## ABOUT THIS TASK:
Please output the lines from the one with "CRAFT IN AMERICA: SEA.5 HOLIDAY" through the end of the data exactly as written, omitting all pictures.

[Crawled caption data]
________________________
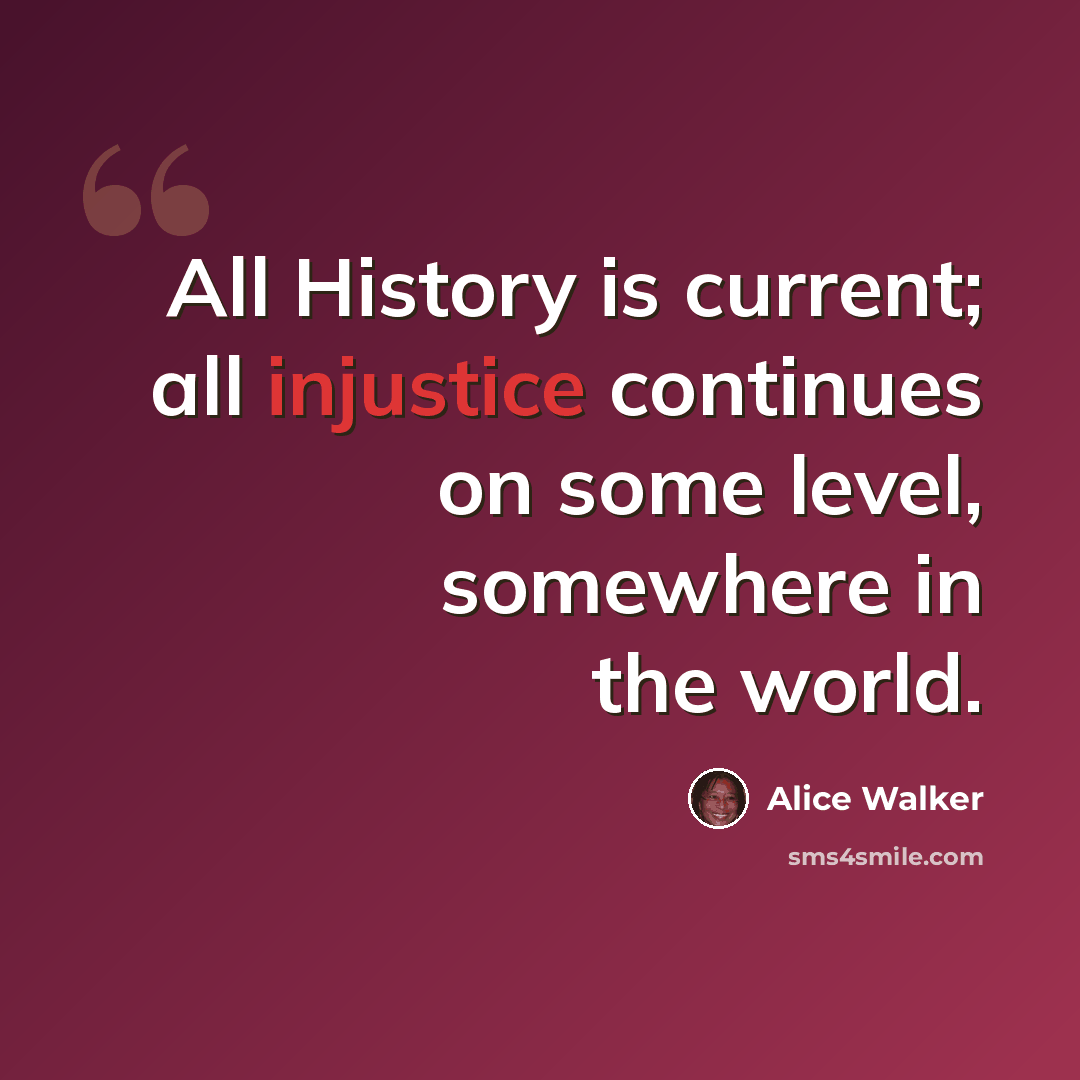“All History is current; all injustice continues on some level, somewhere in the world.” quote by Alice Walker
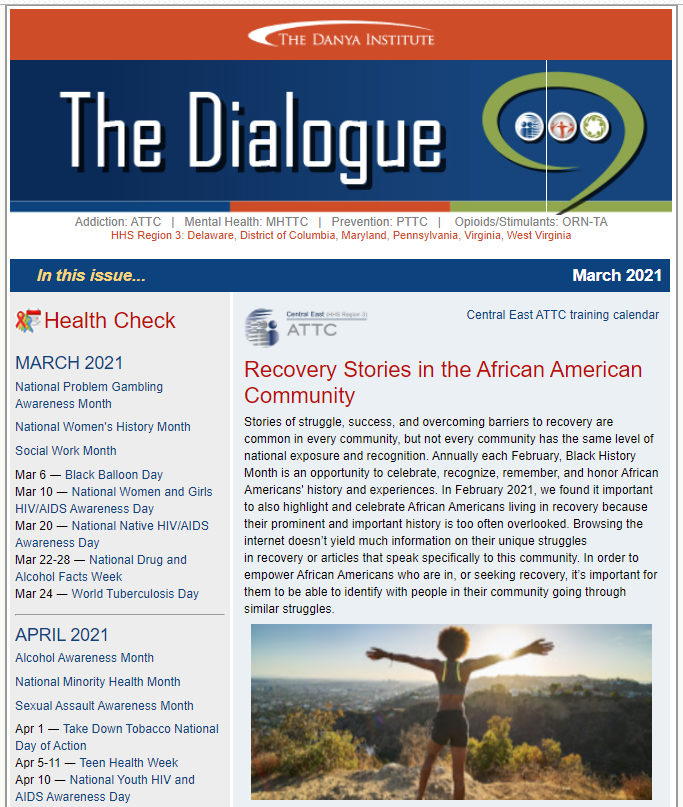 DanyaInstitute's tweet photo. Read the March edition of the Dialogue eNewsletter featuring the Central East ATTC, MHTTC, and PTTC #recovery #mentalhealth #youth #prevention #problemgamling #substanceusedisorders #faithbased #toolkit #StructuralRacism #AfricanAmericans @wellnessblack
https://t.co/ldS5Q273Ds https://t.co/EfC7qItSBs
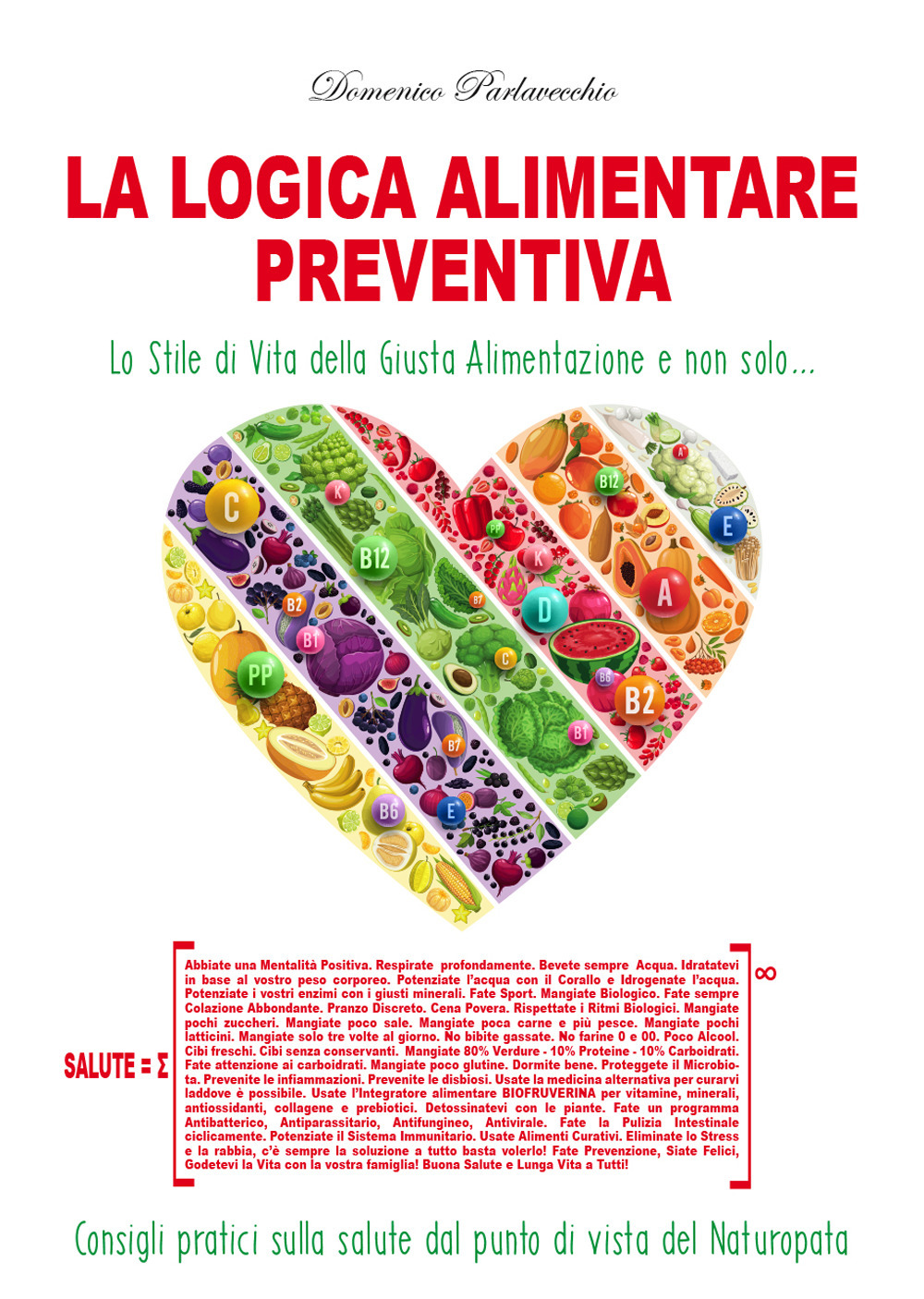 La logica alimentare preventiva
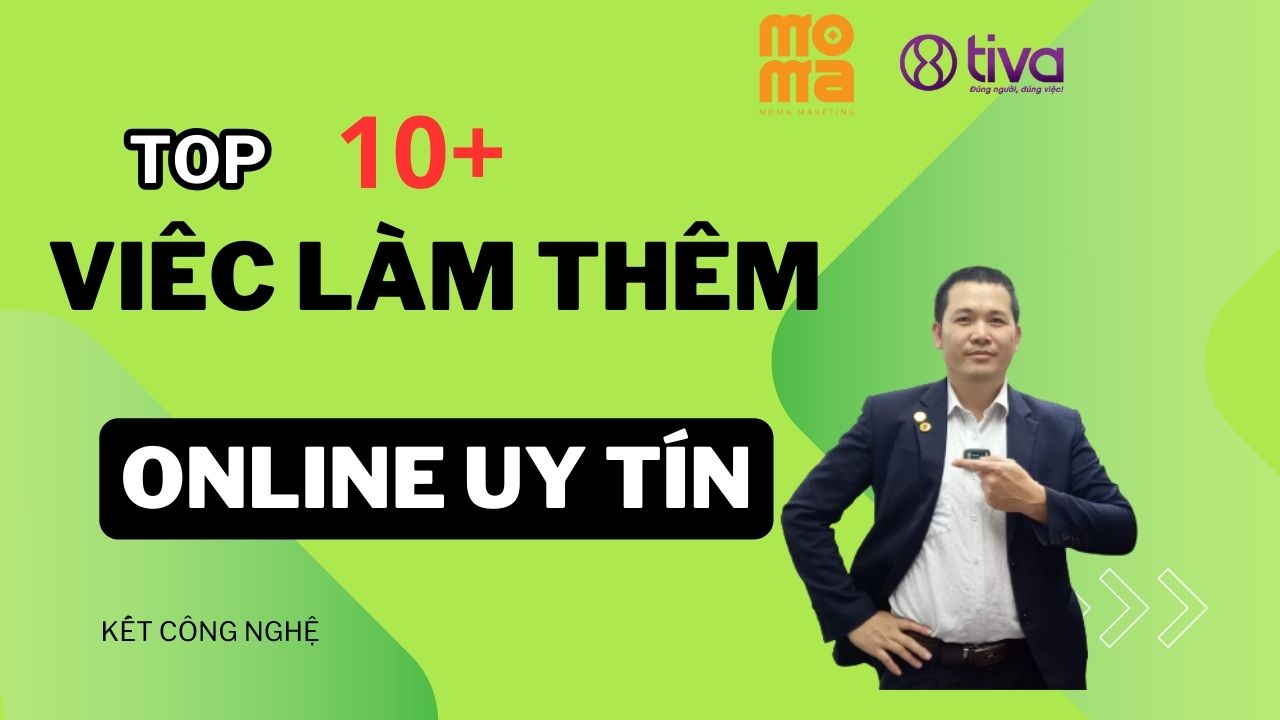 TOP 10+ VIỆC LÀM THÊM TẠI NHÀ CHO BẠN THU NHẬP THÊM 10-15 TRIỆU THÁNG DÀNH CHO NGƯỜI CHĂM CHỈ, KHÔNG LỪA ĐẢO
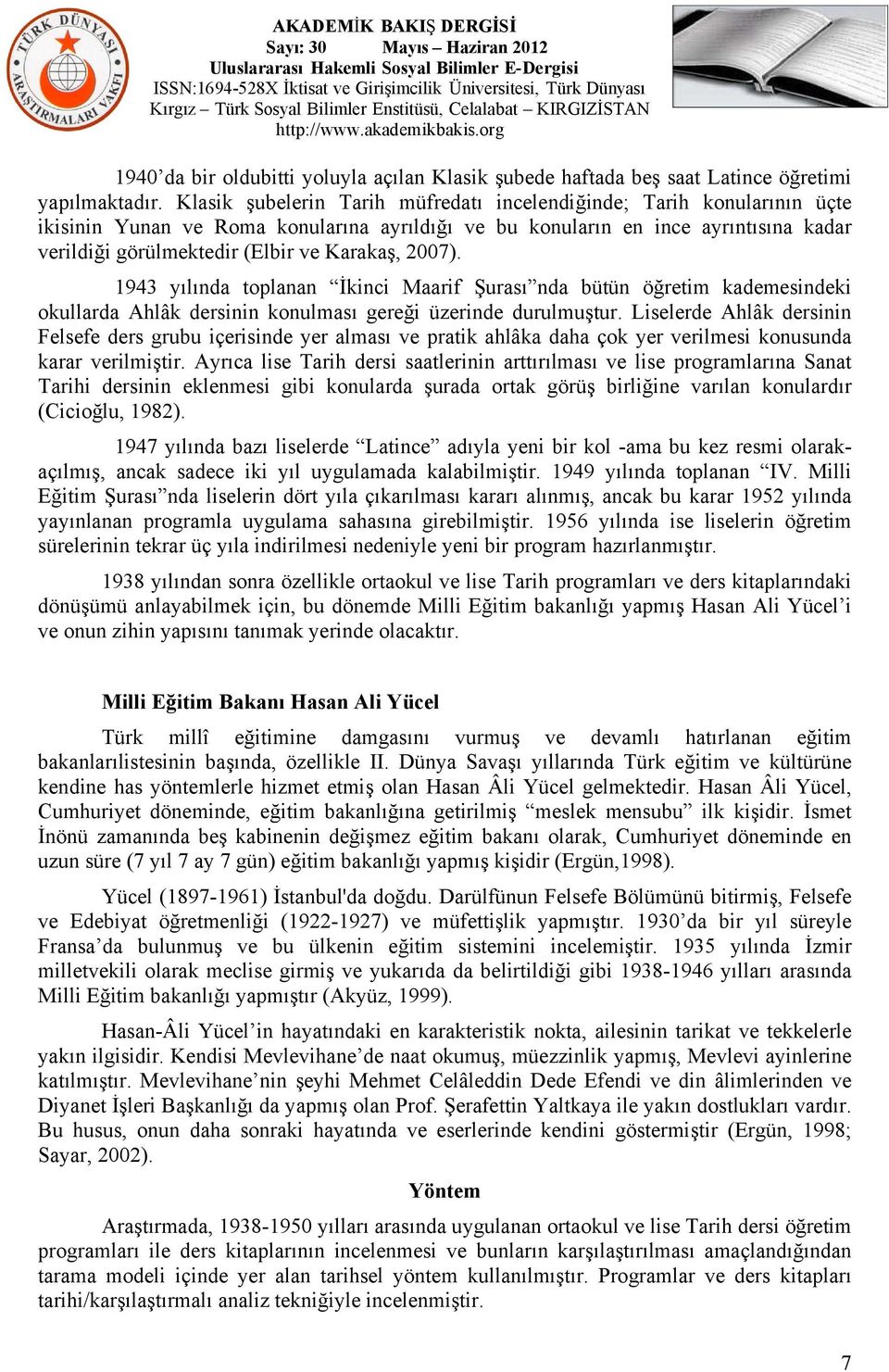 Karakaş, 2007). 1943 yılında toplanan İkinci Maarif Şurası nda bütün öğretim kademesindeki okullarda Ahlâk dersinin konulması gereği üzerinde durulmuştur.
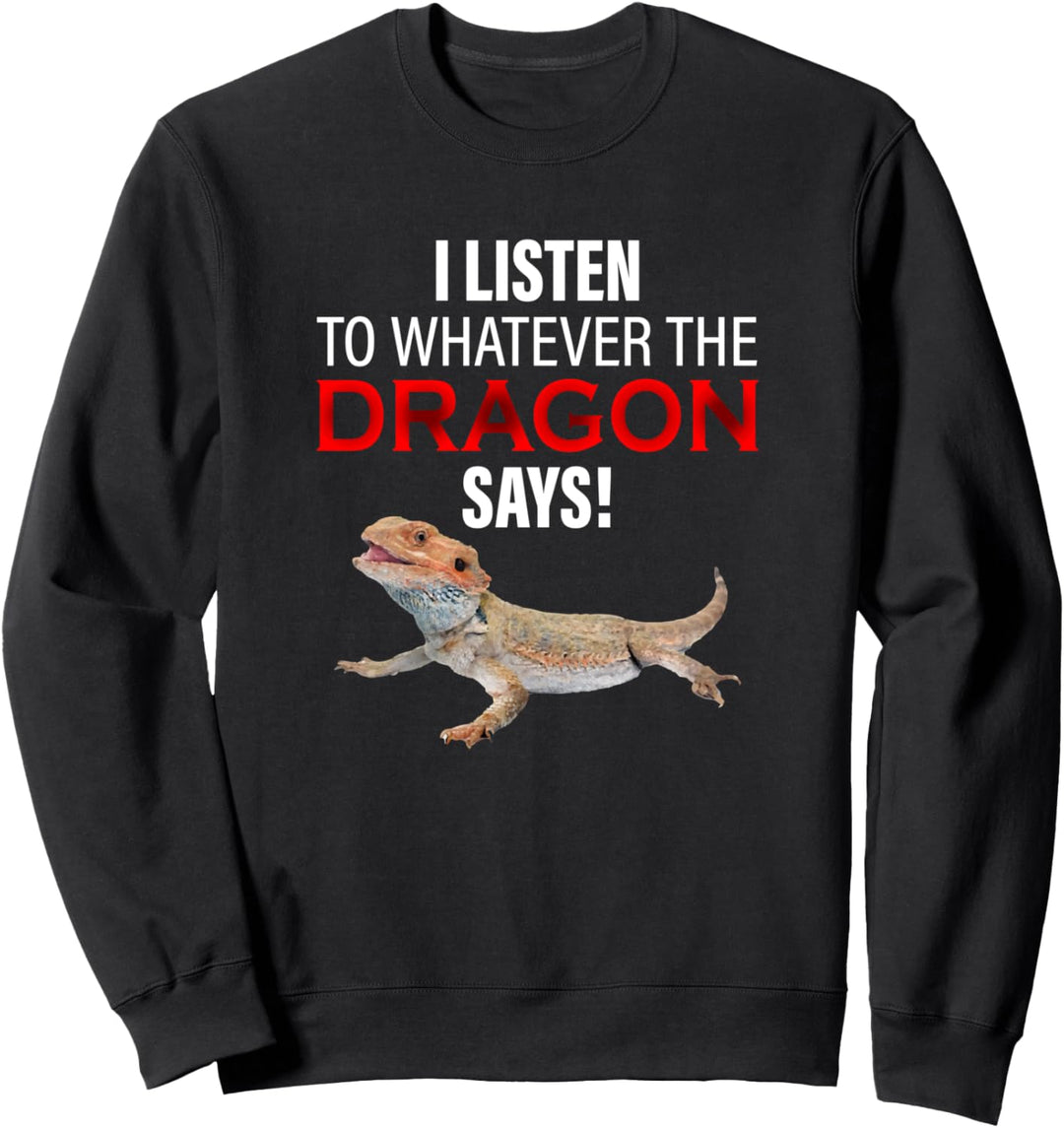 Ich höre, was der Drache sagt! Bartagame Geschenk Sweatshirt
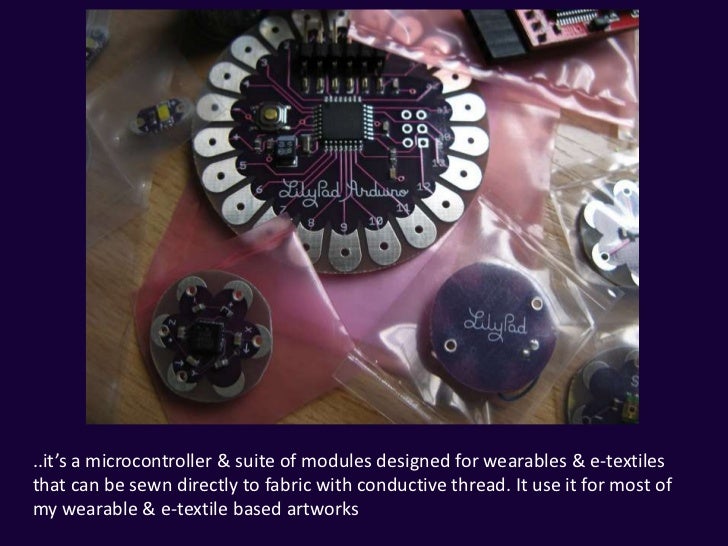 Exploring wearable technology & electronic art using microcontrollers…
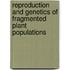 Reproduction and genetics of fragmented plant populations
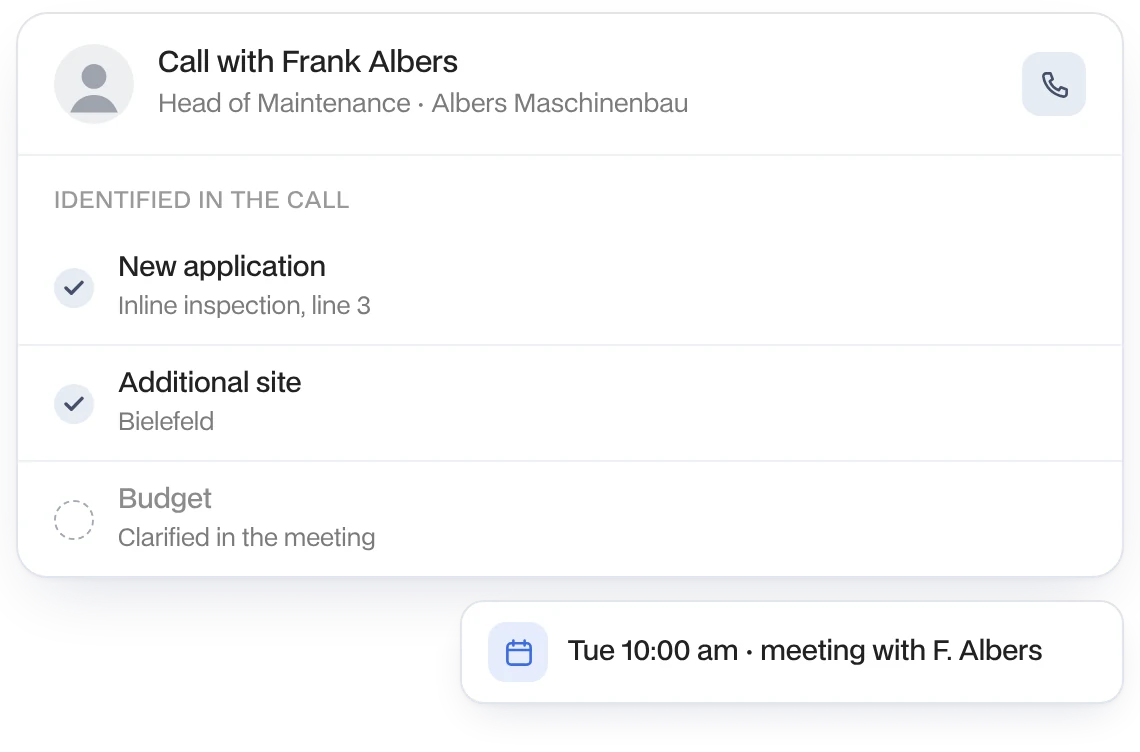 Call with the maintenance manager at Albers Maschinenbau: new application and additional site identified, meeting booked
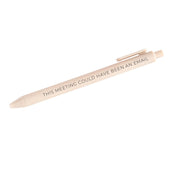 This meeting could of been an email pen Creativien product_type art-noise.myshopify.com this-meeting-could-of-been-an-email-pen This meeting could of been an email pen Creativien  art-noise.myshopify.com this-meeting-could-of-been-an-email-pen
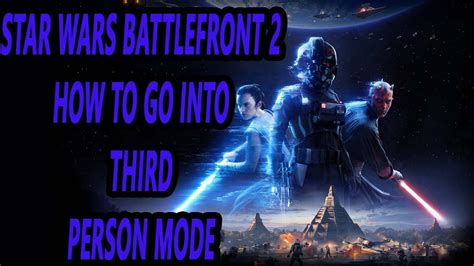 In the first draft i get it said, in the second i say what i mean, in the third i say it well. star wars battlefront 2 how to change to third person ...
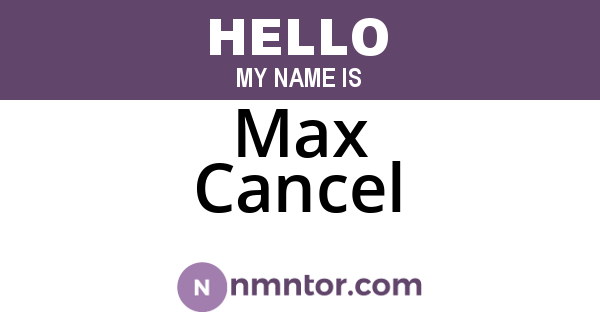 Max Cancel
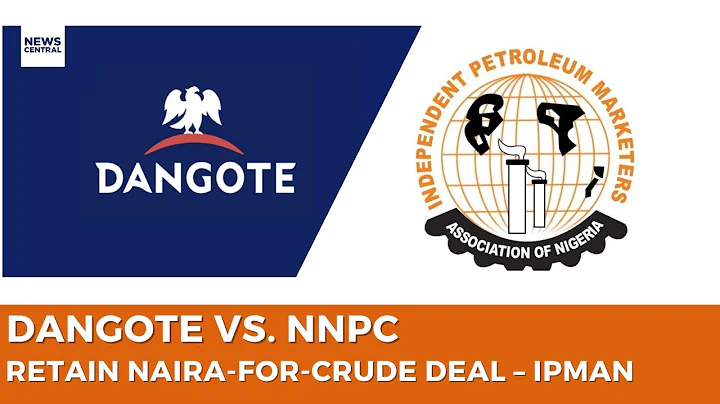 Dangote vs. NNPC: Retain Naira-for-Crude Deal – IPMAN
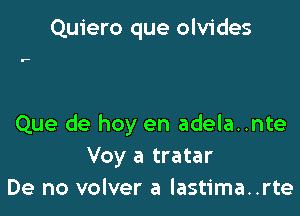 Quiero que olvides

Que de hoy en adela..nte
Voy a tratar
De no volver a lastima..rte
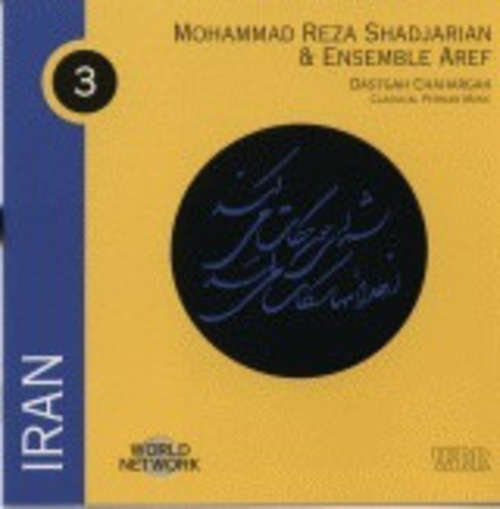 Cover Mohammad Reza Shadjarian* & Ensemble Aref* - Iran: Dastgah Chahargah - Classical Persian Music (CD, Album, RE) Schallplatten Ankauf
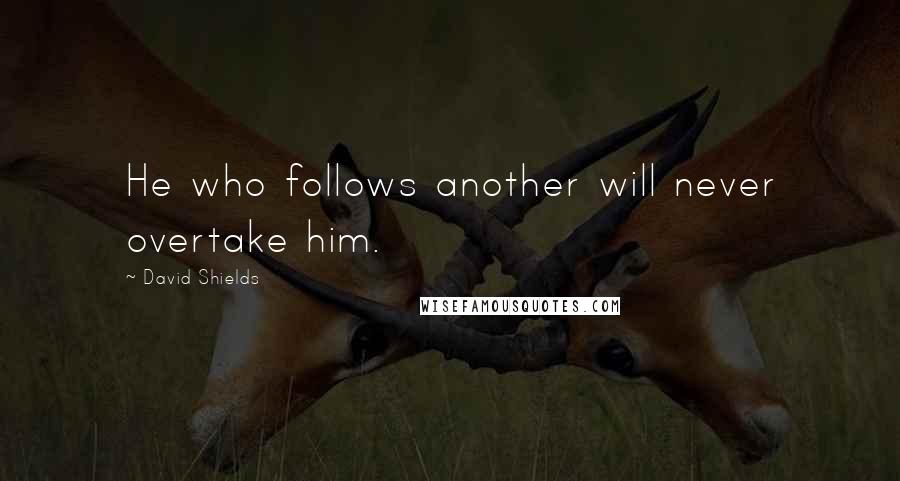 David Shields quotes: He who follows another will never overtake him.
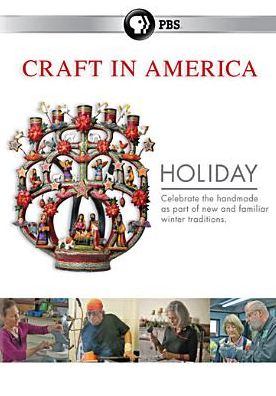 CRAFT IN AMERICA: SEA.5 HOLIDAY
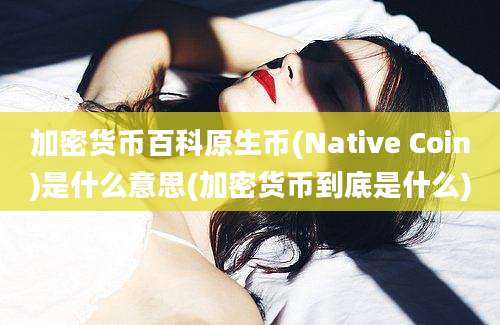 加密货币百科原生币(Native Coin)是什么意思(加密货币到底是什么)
________________________
## RESPONSE BELOW:
 CRAFT IN AMERICA: SEA.5 HOLIDAY
 加密货币百科原生币(Native Coin)是什么意思(加密货币到底是什么)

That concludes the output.